Now impose a prior: blme uses

for a grouping factor of dimension \( K \), df = \( K + 3 \). When the mode of the distribution exists, the scale is chosen to set the mode equal 10^{-2} times the identity matrix. When the mode does not exist, the mean is set to that value.

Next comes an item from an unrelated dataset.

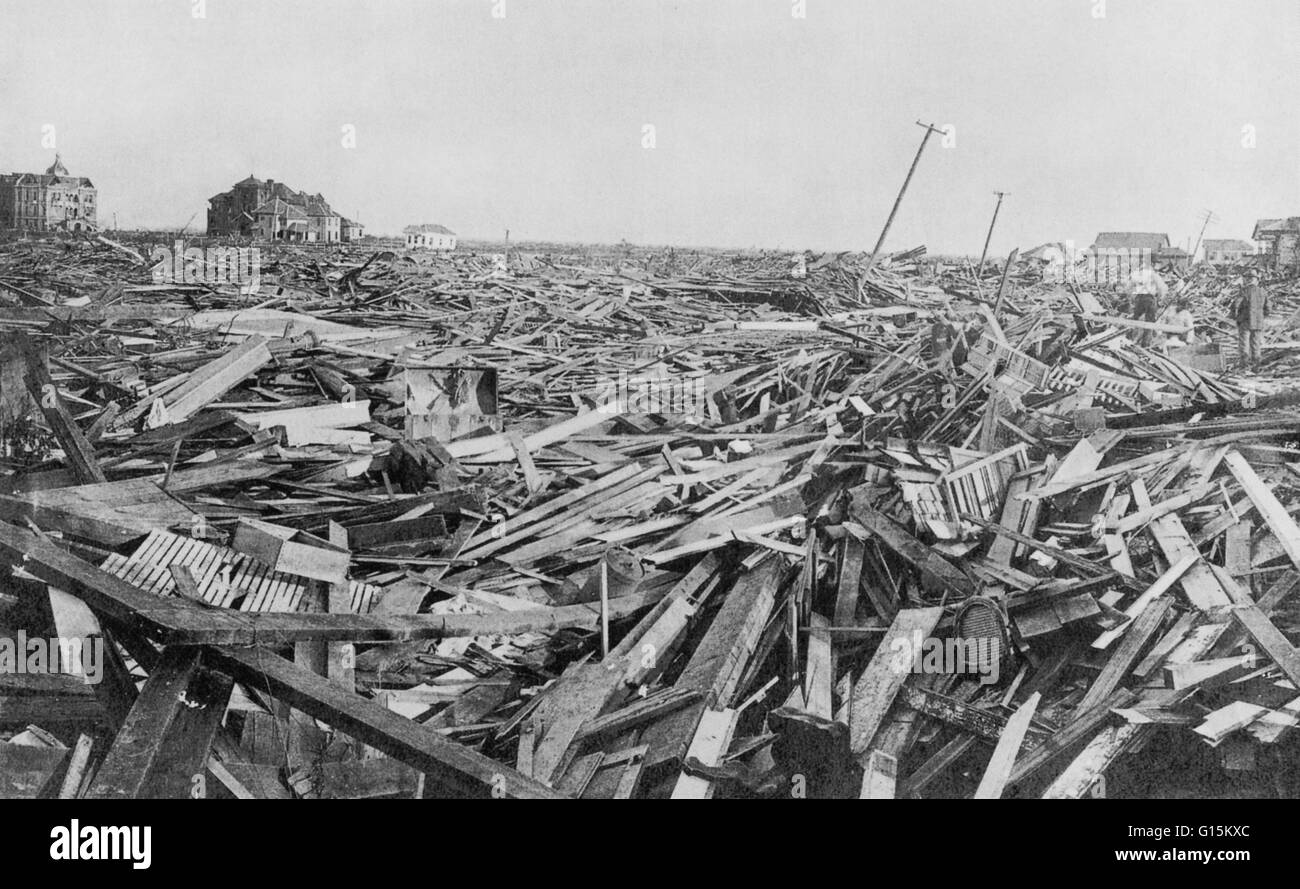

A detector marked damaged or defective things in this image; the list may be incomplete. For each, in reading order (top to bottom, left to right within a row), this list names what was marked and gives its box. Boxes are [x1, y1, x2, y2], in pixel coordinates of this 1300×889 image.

splintered wood [2, 234, 1296, 796]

make_vc <- function(theta, n0) {
    m <- matrix(0, nrow = n0, ncol = n0)
    m[lower.tri(m, diag = TRUE)] <- theta
    m %*% t(m)
}
library("LaplacesDemon")
devfun2 <- function(theta) {
    pstr <- 0.01
    d <- devfun(theta)
    n <- length(theta)
    n0 <- (-1 + sqrt(1 + 8 * n))/2  ## dimension
    nu <- n0 + 3
    logprior <- try(dwishart(make_vc(theta, n0), nu = nu, S = diag(n0) * pstr/nu, 
        log = TRUE), silent = TRUE)
    if (inherits(logprior, "try-error")) {
        print(theta)
        stop("non-pos-def VC matrix")
    }
    d2 <- d - 2 * logprior
    cat(theta, logprior, d, d2, "\n")
    d2
}
deep_copy <- function(e1) {
    e2 <- new.env()
    for (n in ls(e1, all.names = TRUE)) assign(n, get(n, e1), e2)
    e2
}
## deep copy: is this the right/best way to go about it??  note that we
## are copying the devfun environment *after* the model is fitted
environment(devfun2) <- deep_copy(environment(devfun))
opt2 <- optimizeLmer(devfun2, verbose = TRUE)

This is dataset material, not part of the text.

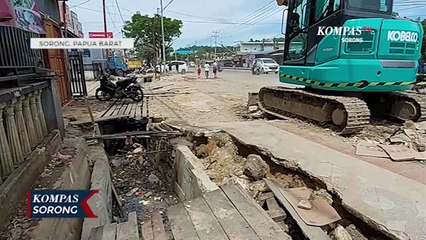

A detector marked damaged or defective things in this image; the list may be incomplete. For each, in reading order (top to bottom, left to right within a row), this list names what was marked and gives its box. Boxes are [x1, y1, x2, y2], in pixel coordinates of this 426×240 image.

broken concrete slab [208, 122, 426, 240]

## 0.9667 0.01517 0.2309 -223.3 1744 2190 
## 0.9867 0.01517 0.2309 -233 1744 2210 
## 0.9667 0.03517 0.2309 -223.5 1744 2191 
## 0.9667 0.01517 0.2509 -225.5 1744 2195 
## 0.9467 0.0285 0.2442 -215.4 1744 2175 
## 0.9267 0.03517 0.2509 -206.9 1744 2158 
## 0.9401 0.04184 0.2242 -210.3 1744 2164 
## 0.9223 0.02628 0.2398 -203.5 1744 2151 
## 0.9001 0.02184 0.2442 -193.8 1744 2131 
## 0.8779 0.05072 0.2487 -185.1 1744 2114 
## 0.8334 0.0685 0.2576 -167.7 1745 2080 
## 0.8334 0.04184 0.2776 -169.5 1745 2084 
## 0.7845 0.05295 0.2687 -149 1745 2043 
## 0.7134 0.06184 0.2776 -123.9 1746 1994 
## 0.6867 0.09295 0.2976 -118.6 1748 1985 
## 0.5801 0.1285 0.3242 -91.12 1752 1934 
## 0.5845 0.1307 0.2954 -88.26 1751 1927 
## 0.4601 0.1752 0.3042 -60.91 1756 1877 
## 0.3356 0.1752 0.3465 -43.4 1761 1848 
## 0.08674 0.2285 0.3909 -33.15 1773 1839 
## (NM) 20: f = 1848.07 at 0.335629 0.175169 0.346466
## 0.03785 0.2929 0.402 -43.84 1776 1863 
## [1] 0.0000 0.3359 0.4072

## Error: non-pos-def VC matrix

Snag 1: we need to be able to compute the Wishart even when the variance-covariance matrix is only positive semidefinite … although I'm not sure there's not another bug in here somewhere, as I'm surprised that the optimization even hits the boundary in this case …

To do:

create a “penalized deviance function constructor” that allows modification of prior strength etc..
try with a very weak prior and see if we get back (close to) the lmer answer (i.e. do we only hit positive semi-definite cases for stronger priors? or am I still just chasing a boneheaded bug? Did I get the model specification right?)